### TASK BRIEF
Without omitting anything, write out the listing below precisely.

### SUPPLIED MATERIAL
:::::
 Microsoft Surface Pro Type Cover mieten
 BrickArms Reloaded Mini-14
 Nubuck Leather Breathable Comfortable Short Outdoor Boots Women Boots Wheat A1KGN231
:::::
### OUTPUT FOR THIS EXERCISE
 Microsoft Surface Pro Type Cover mieten
 BrickArms Reloaded Mini-14
 Nubuck Leather Breathable Comfortable Short Outdoor Boots Women Boots Wheat A1KGN231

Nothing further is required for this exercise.